R: That’s it for market sentiment, then. Let’s focus on your practice again. What projects are you currently working on?
M: There’s a few angles that I’m pursuing, all very research-oriented. First is a theme that I’ve been investigating for a while now, which is looking at how emerging technologies – in this case, deep learning – can augment our ability to creatively express ourselves, particularly in a realtime, interactive manner with continuous control - analogous to playing a musical instrument, like a piano. How can I create computational systems, now using deep learning, that give people meaningful control and enable them to feel like they are able to creatively and even emotionally express themselves?

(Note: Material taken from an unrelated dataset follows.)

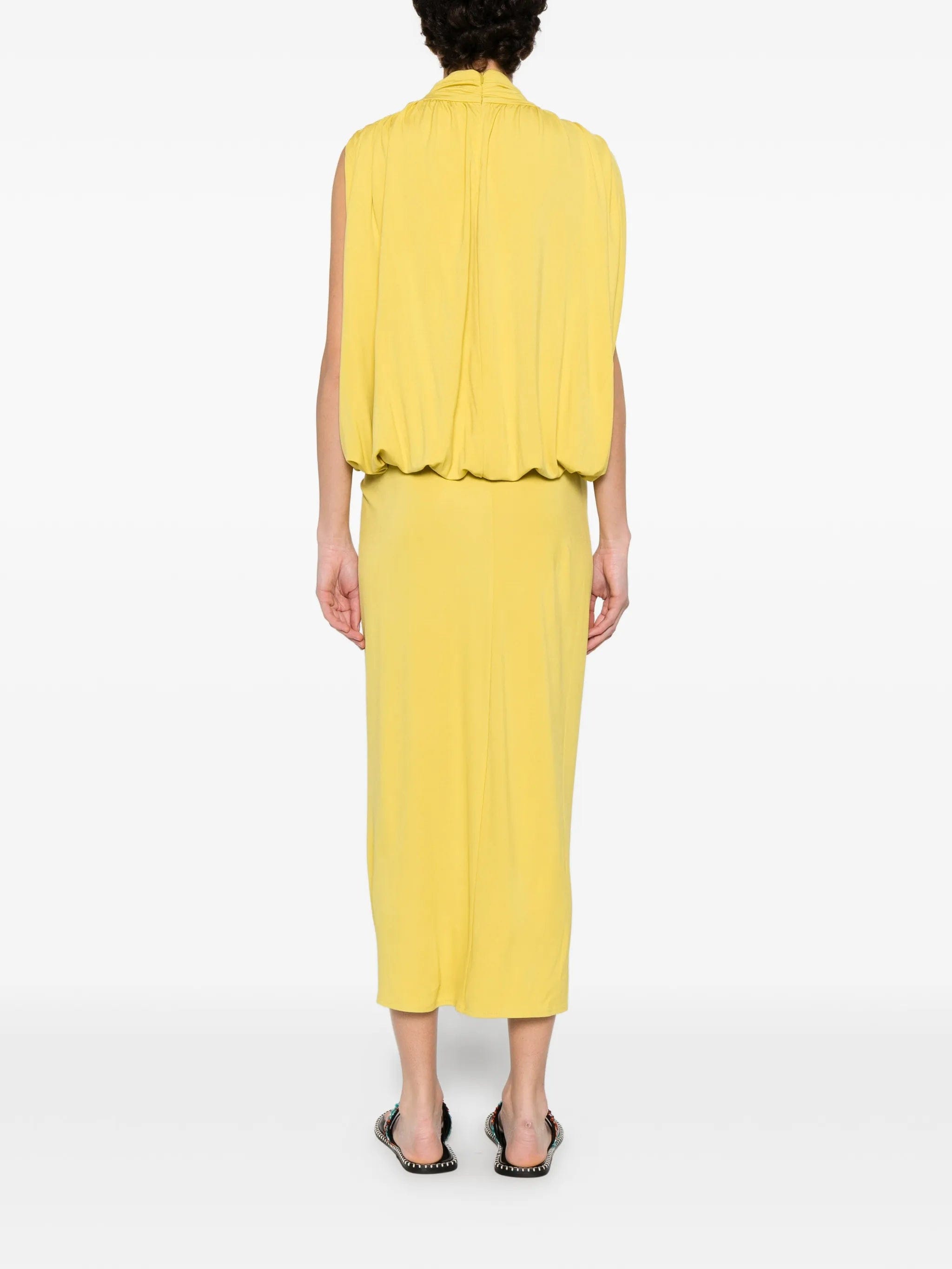 Esse Studios Solina cape gathered dress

From a more conceptual angle, I’m interested in using machines that learn as a way to reflect on how we make sense of the world. Artificial neural networks [systems of hardware and/or software very loosely inspired by, but really nothing like, the operation of neurons in biological brains] are incredibly biased and problematic. They’re complicated, but can be very predictable, as well. Just like us. I don’t mean artificial neural networks are like our brain. I mean I just like using them as a mirror to ourselves. We can only understand the world through the lens of everything that we’ve seen or heard or read before. We are constantly trying to make sense of everything that we experience based on our past experiences. We see things not as they are, but as we are. And that’s what I’m interested in exploring and exposing. Some of my work tries to combine both of these (and other) themes. E.g., my Learning to See series tries to do this, as both being a system for realtime expression, a potential new form of filmmaking and digital puppetry, but also ultimately demonstrates this extreme bias. One who has only ever seen thousands of images of the ocean will see the ocean everywhere they look.